To make machine learning ubiquitous in healthcare, data warehousing and analytics company Health Catalyst has launched healthcare.ai. The goal, company executives said, is to make machine learning not only pervasive, but also routine – and actionable.
To that end, Health Catalyst is embedding machine learning as a core capability across its entire product line, dubbing the move “catalyst.ai.” The company has machine learning models built into every one of its applications, making it easier to identify patients who are most likely to acquire deadly infections; finding those who may have trouble paying their medical bills; spotting possible canceled appointments before they happen; or intervening sooner with treatments for patients who are at risk for dangerous complications.
Health Catalyst executives see machine learning initiatives as driving “an orders-of-magnitude improvement in healthcare outcomes.”
“Predictive analytics powered by machine learning has truly vast potential in healthcare, but we lag other industries by several years largely because early efforts were extremely expensive one-off models requiring an army of data scientists to write and test the algorithms behind the technology,” said Dale Sanders, Health Catalyst executive vice president. “Catalyst.ai solves that problem by lowering the bar for entry and enabling data architects and analysts to become ‘citizen data scientists.’
Sanders noted Health Catalyst invested tens of millions of dollars over the last few years to create high-volume high-quality data content and embed those into clinician workflows.
As a result of employing machine learning, he said, health systems such as Indiana University Health have achieved significantly reduced central line-associated blood stream infections, often referred to as “CLABSI.”
In the past six months, the health system decreased CLABSI by 20 percent and also recorded a 30 percent drop in harm events overall, according to IUH.
The effectiveness of catalyst.ai is closely tied to Health Catalyst’s proven ability to integrate high-volume data from virtually every internal and external source available, Sanders said, adding because multiple sources of data are required for machine learning to develop the models that drive predictive analytics, the technology is more effective the more data is present.
What physicians want from machine learning, Sanders said, are suggestions for how to make a better decision.
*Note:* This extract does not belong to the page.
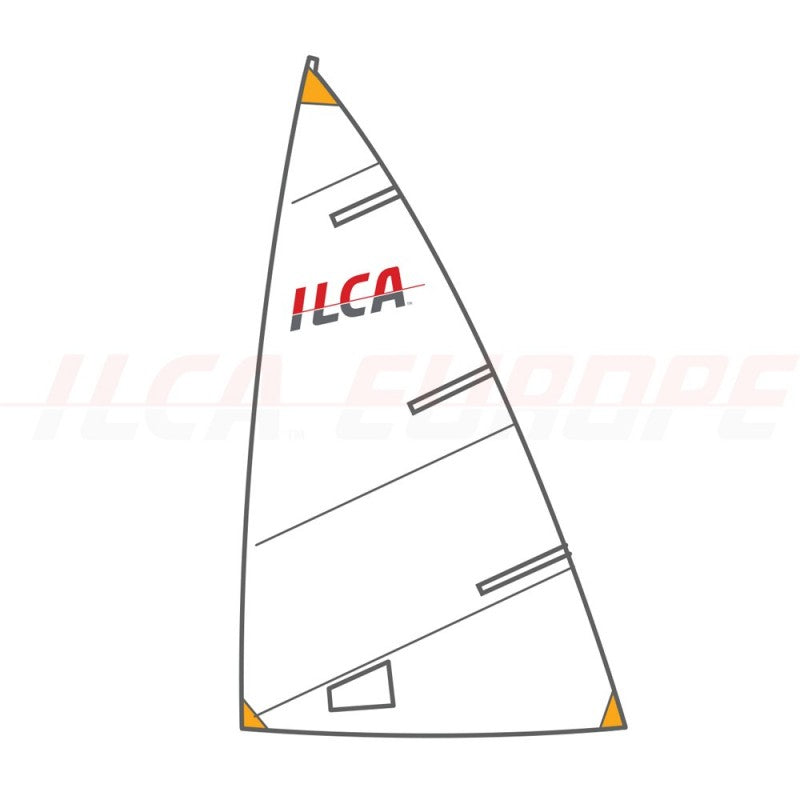 vela-ilca-4-laser-47-1604083299.jpg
What they aren’t quite ready for are interventions the machine drives.”
“It’s not artificial intelligence to me until the machine starts acting on your behalf,” he said. “And it’s a big, big leap technically to do that.”
Sanders said the tools, the techniques and models for machine learning are becoming commoditized far sooner than he would ever have predicted.
“It’s absolutely blowing my mind how quickly non-data scientists can access incredibly complex machine-learning algorithms,” he said. “However, none of these algorithms are usable without the data underneath training them. So it’s the data content becoming the most proprietary part of machine learning.”